In dat geval zouden die honderd miljoen een zwaard van Damocles kunnen worden.

Bizarre situatie: geen enkele Europese club van naam pot zoveel geld op als Ajax. Het zuinige beleid van Marc ‘Netto’ Overmars heeft de voorheen zwalkende club financieel kerngezond gemaakt. Dat is fijn voor de penningmeester en een felicitatie waard. Maar je kunt ook overdrijven. Honderd miljoen op de bank is mooi, maar spelers op de bank (en op het veld natuurlijk) zou nog mooier zijn voor de mensen om wie het gaat, de toeschouwers. Het geduld van de seizoenkaarthouders wordt wel erg op de proef gesteld.

Gapende toeschouwers
De club mag dan wijzen op goede spelers die niet naar Ajax — lees: naar de onaanzienlijke Nederlandse competitie — wíllen komen: gezien de omvang van de internationale transfermarkt kan dat nooit de hele verklaring zijn. En intussen zagen de supporters ook afgelopen zomer weer de interessantste spelers naar rijke buitenlandse clubs vertrekken en er goedkope, vaak nondescripte spelers en jonge talenten voor in de plaats komen. Vaarwel Daley Blind, welkom, eh, hoe heet ‘ie ook weer?

Trainer Frank de Boer, die met relatief gebrekkige middelen vier keer kampioen van Nederland wist te worden, legt — wellicht uit noodzaak — het accent op teambuilding en het vermijden van risico’s. Gevolg: in de drie volledige seizoenen onder zijn leiding kreeg Ajax steeds minder doelpunten tegen (36, 31, 28) maar máákte de ploeg er ook steeds minder (93, 83, 69). Het nerveus of opgetogen uit de stoel komen van weleer is overgegaan in beleefd klappen na de zoveelste fletse overwinning. De vraag is hoe lang de mensen dat blijven accepteren. Wat mij betreft: niet meer.

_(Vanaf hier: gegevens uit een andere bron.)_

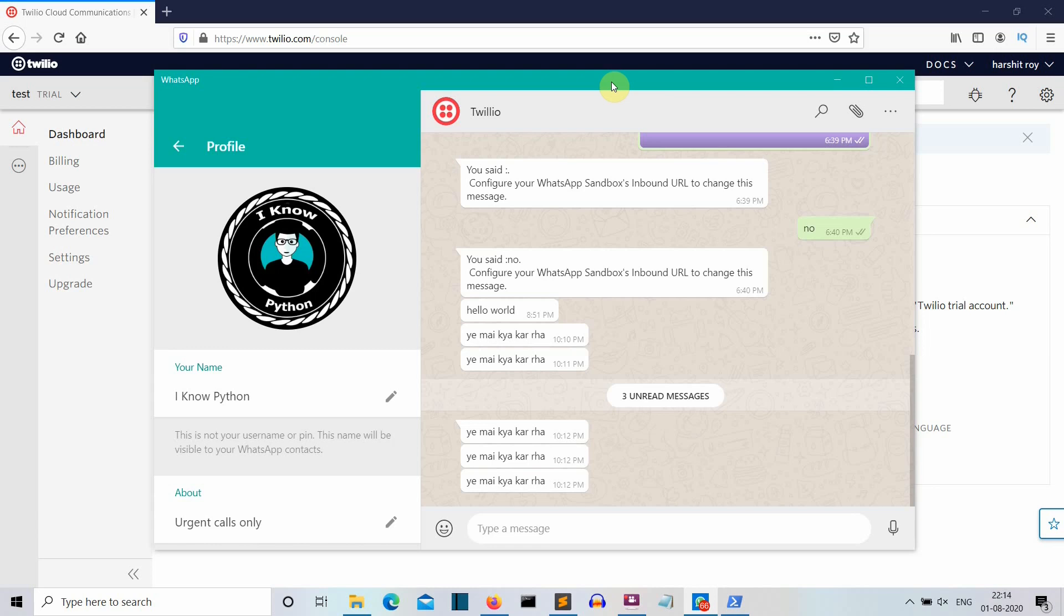So this is it. And I will meet you in my next lecture where we will create something more awesome. So meet you there. Bye bye.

Decennialang stond ‘Ajax’ voor een mix van stijlvolle opwinding en grillige aanvalslust. Ajax was gratie, bluf, goals, spannende momenten voor het doel. Zelfs in slechte wedstrijden deed een aanvaller wel iets geks, iets impulsiefs om over na te praten. Maar juist nu een aantal voormalige helden het voor het zeggen heeft in de club, met de bedoeling Ajax weer op het oude, creatieve Ajax te laten lijken, is daar steeds minder van te zien. Marc Overmars, Dennis Bergkamp, Edwin van der Sar, Wim Jonk: sinds de Coup van Cruijff (2010-2012) moeten zij de knopen doorhakken want volgens visionair Cruijff beschikken voormalige topsporters over bijzondere inzichten.

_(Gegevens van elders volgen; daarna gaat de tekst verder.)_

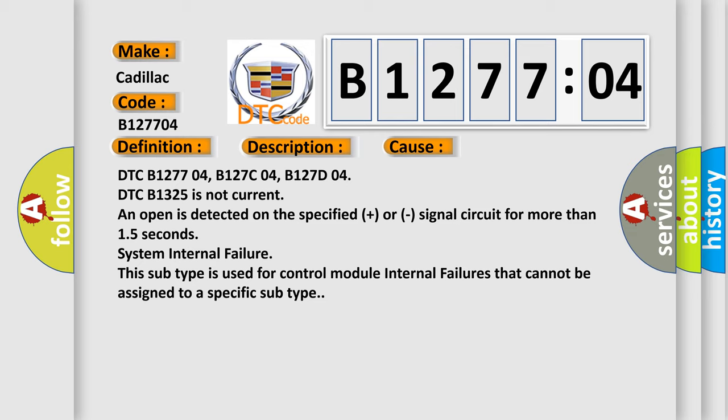DTC B1325 is not current and open is detected on the specified plus or signal circuit for more than 1.5 seconds system internal failure. This subtype is used for control module internal failures that cannot be assigned to a specific subtype.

Paradox van de Cruijffrevolutie
Volgens de Cruijffdoctrine kan Ajax toch niet mee in het opgeblazen grootkapitaal van het internationale voetbal, en kan het dus maar beter zelf spelers opleiden. Maar intussen is het gemopper over het calculerende voetbal niet van de lucht, wat tot voor kort niet zo opviel vanwege al die kampioenschappen. Wie in de gewone supportersvakken om zich heen kijkt, ziet gapende toeschouwers. De voorlopige paradox van de Cruijffrevolutie.

Toen ik de Ajaxspelers in het seizoen 2012-2013 een jaar lang volgde voor mijn boek Tussen Godenzonen verbaasde ik mij over de sympathie die Ajax tot in verre oorden opwekt. Dit tot plezier van de sponsors, die ook in bijvoorbeeld het Verre Oosten met verrassend gemak zakelijke contacten konden leggen omdat ze gelieerd zijn aan die beroemde club uit Amsterdam. De club van Cruijff, Van Basten, Kluivert. Van creatieve aanvallers. Het is natuurlijk diezelfde associatie die ook dit jaar weer meer dan veertigduizend seizoenkaarthouders naar het stadion heeft gelokt. En nu hun club op de zevende plaats staat, met zes punten achterstand op PSV, wordt pas duidelijk hoezeer Ajax een project is geworden, een hobby voor de Cruijffiaanse multimiljonairs. Leuk, al die miljoenen dankzij verkochte spelers en Champions League-inkomsten, maar zij die ‘het zien’, kopen pas spelers voor veel geld als die supergoed zijn.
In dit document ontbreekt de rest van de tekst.